Jack glanced up at him with a small smile.
"Not Y Gacen Amhosibl?" he asked.
"That would be MY favorite," Ianto told him severely. "Tonight is about you."
Jack sat across the table from the youngest member of his team, not talking much, just eating, drinking, being fussed over. Atypically, Ianto kept up a running monologue, practically chattering, telling funny stories from his childhood, from Torchwood One. Jack watched, and listened, and wondered when the last time had been that someone actually took care of him. The Doctor? Rose? No. Estelle? Had she fussed over him? Probably, but he couldn't actually remember it. Jack was a caretaker, a leader, someone who never was hurt or sick. Not a lot of opportunity to play the caretak-ee.
But Ianto was a caretaker too—he used actions rather than words to show his feelings--and Jack realized that actually the Welshman had already been taking care of him for the past several months. Not as overtly as he was that night, but all day, everyday.
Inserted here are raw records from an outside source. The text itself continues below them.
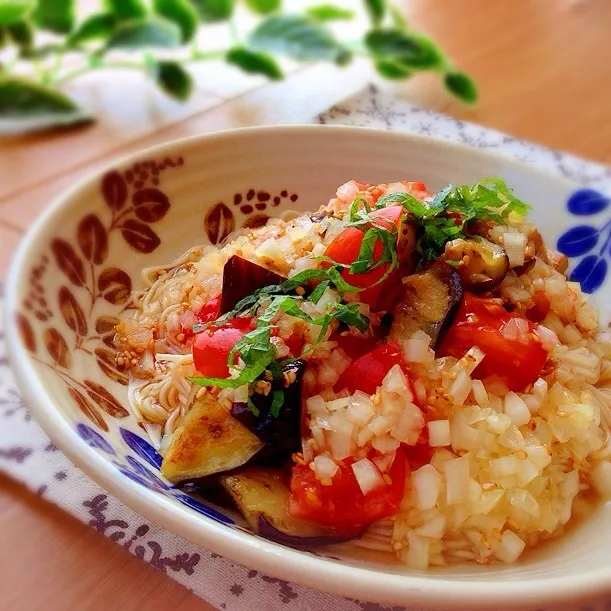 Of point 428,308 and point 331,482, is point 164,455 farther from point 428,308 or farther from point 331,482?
point 428,308

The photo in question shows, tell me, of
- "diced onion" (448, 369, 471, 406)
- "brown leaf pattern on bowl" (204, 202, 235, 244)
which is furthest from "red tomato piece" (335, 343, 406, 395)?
"brown leaf pattern on bowl" (204, 202, 235, 244)

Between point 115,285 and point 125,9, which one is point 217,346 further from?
point 125,9

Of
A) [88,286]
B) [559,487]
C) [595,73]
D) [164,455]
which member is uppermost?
[88,286]

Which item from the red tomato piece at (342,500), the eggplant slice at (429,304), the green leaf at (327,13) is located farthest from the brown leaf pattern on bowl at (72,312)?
the green leaf at (327,13)

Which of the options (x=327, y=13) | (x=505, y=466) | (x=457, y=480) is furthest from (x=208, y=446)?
(x=327, y=13)

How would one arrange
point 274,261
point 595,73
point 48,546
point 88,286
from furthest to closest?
point 595,73 < point 88,286 < point 274,261 < point 48,546

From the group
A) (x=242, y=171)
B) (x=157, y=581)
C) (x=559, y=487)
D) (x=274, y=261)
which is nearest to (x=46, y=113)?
(x=242, y=171)

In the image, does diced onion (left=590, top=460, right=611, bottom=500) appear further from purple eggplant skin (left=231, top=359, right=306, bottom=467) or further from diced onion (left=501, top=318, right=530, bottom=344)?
purple eggplant skin (left=231, top=359, right=306, bottom=467)

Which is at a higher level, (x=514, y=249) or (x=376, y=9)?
(x=514, y=249)
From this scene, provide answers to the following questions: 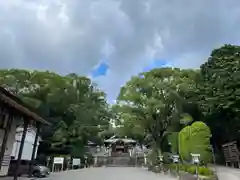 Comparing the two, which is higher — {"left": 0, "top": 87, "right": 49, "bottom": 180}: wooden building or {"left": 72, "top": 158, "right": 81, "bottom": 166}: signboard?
{"left": 0, "top": 87, "right": 49, "bottom": 180}: wooden building

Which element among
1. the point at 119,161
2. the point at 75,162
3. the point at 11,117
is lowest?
the point at 75,162

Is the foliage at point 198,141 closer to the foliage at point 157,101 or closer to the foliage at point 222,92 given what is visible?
the foliage at point 222,92

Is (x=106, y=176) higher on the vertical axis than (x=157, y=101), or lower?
lower

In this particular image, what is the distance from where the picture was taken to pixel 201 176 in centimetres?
1380

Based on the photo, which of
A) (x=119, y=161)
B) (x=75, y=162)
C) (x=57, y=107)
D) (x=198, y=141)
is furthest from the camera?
(x=119, y=161)

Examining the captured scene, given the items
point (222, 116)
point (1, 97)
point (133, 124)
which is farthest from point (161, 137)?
point (1, 97)

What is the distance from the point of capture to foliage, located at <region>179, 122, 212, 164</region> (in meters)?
16.5

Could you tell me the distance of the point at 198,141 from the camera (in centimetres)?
1684

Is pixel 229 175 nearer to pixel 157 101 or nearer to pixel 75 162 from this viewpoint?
pixel 157 101

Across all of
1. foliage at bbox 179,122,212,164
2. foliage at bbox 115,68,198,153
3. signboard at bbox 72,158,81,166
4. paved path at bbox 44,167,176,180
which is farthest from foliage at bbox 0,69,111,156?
foliage at bbox 179,122,212,164

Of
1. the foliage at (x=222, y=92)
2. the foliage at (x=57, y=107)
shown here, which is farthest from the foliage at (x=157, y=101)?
the foliage at (x=57, y=107)

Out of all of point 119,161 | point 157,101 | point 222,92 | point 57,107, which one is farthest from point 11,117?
point 119,161

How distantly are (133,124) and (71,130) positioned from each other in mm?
7598

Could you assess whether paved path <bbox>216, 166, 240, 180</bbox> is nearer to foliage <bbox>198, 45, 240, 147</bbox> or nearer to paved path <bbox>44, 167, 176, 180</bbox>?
paved path <bbox>44, 167, 176, 180</bbox> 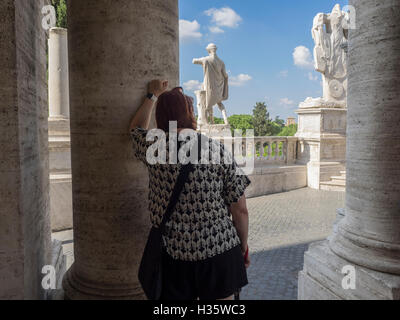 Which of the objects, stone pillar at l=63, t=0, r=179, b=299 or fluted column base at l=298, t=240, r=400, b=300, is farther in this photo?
fluted column base at l=298, t=240, r=400, b=300

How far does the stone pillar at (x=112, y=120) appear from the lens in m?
2.27

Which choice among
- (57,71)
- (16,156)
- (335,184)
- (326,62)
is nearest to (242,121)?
(326,62)

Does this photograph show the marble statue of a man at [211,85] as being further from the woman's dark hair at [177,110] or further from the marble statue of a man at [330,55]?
the woman's dark hair at [177,110]

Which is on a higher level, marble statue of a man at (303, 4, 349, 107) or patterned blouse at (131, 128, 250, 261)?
marble statue of a man at (303, 4, 349, 107)

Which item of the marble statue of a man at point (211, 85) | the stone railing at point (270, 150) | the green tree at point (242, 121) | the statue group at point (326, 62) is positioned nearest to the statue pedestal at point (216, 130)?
the statue group at point (326, 62)

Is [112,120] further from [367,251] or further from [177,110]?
[367,251]

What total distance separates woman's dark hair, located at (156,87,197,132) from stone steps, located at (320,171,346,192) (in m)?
10.7

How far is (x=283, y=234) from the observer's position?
6934mm

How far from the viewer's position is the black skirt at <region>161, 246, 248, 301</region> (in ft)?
5.78

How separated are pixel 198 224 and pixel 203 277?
0.89ft

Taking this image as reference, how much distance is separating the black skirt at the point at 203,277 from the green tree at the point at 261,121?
4302 centimetres

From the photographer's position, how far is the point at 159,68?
92.4 inches

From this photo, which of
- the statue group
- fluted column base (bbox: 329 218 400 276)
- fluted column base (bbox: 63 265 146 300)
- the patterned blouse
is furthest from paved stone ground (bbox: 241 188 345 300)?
the statue group

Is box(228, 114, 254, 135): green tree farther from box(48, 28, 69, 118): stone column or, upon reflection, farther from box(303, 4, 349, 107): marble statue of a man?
box(48, 28, 69, 118): stone column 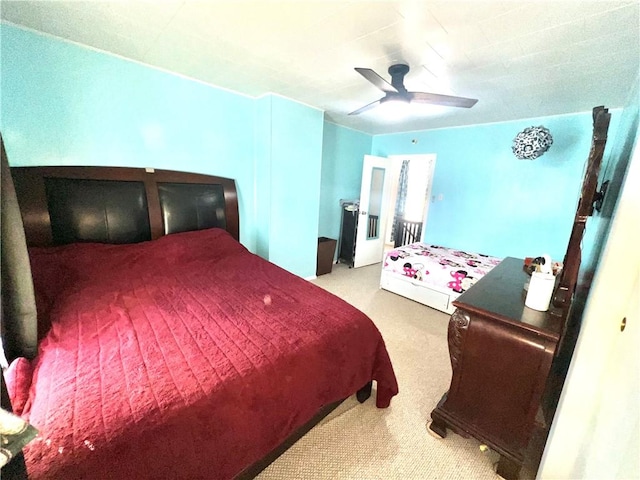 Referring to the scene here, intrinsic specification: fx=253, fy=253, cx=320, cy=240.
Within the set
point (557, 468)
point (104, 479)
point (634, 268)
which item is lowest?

How many times had Ianto slipped a sandwich into his hand before he realized that he was starving, or held his freshly brushed coat up for him so that he could slip it on as he was preparing to leave the Hub, brought him a fresh cup of coffee just as the last one cooled past the perfect temperature for drinking, fielded a telephone call from UNIT or NATO or the Prime Minister's office when Jack didn't want to talk to them, or when temperamentally he wasn't in good shape to hold his tongue? And how much of Torchwood Three's paperwork just seemed to melt away since Ianto arrived, always done, always neat, always complete? When was the last time he'd had to worry whether the Weevils had been fed, or the cells cleaned? Or the last time he emerged from his bunker in the morning without finding Ianto already at work, with a cup of coffee ready and waiting? Jack just hadn't paid attention, hadn't really noticed. That night he did, and he let the warmth of that recognition spill over him. That night he had basked in being cherished.
And now, just a week later, lying on his bed, wide awake in the middle of the night, holding the sleeping Welshman, listening to his breathing, remembering, Jack discovered that he liked cherishing just as much.